**Aim of the exercise:**
Go to the line with "A Journey to" in the material below and copy from there through the line with "racist manifesto.", exactly. Pictures are not copied.

**The data:**
╔══

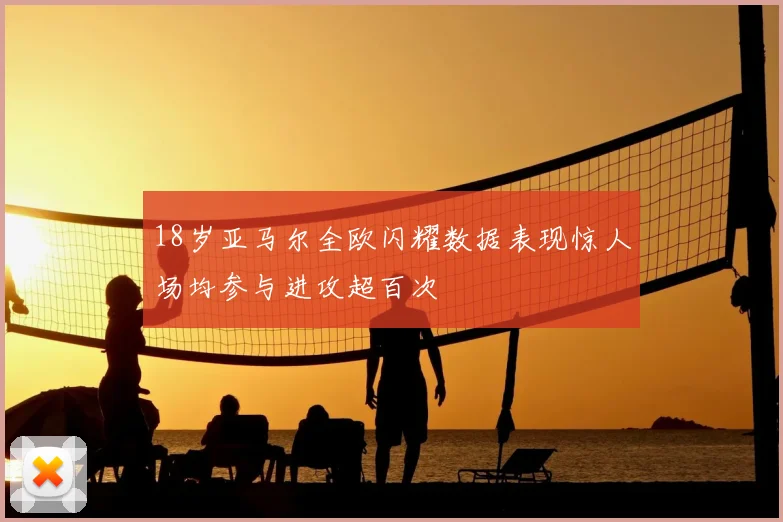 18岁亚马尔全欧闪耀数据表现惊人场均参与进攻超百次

╚══
╔══

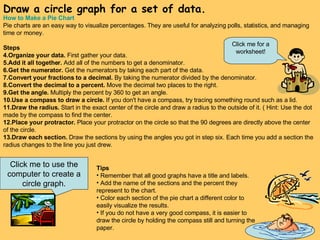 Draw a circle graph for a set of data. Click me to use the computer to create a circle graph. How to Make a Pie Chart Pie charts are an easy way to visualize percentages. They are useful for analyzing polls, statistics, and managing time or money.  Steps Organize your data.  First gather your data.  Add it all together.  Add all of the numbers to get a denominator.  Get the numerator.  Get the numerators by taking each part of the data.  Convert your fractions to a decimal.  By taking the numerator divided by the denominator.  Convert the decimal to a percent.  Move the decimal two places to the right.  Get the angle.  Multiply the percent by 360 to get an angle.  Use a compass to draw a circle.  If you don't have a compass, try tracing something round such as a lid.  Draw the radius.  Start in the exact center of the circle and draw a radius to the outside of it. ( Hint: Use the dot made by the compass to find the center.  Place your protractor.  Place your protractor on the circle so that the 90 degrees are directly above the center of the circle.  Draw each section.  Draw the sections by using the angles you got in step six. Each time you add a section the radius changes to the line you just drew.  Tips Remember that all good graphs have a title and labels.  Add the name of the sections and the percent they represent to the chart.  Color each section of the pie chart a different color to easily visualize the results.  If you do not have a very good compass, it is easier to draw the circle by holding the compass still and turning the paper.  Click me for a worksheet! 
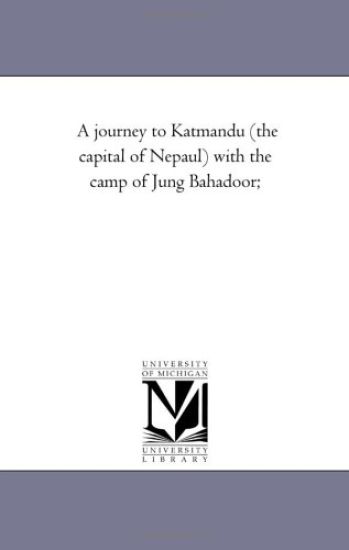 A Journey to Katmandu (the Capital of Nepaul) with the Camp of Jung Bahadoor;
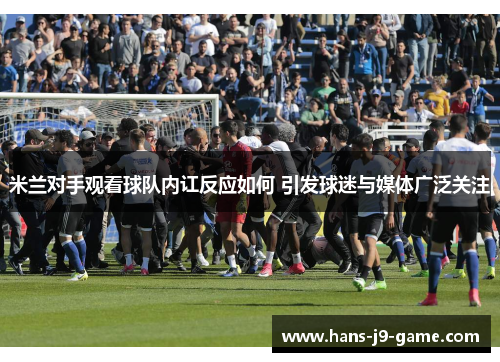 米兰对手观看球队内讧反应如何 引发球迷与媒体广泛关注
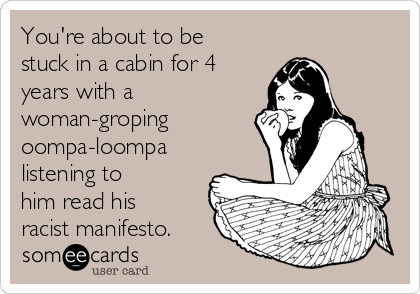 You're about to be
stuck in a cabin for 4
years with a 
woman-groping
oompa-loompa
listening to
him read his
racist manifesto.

╚══

**Your solution:**
 A Journey to Katmandu (the Capital of Nepaul) with the Camp of Jung Bahadoor;
 米兰对手观看球队内讧反应如何 引发球迷与媒体广泛关注
 You're about to be
stuck in a cabin for 4
years with a 
woman-groping
oompa-loompa
listening to
him read his
racist manifesto.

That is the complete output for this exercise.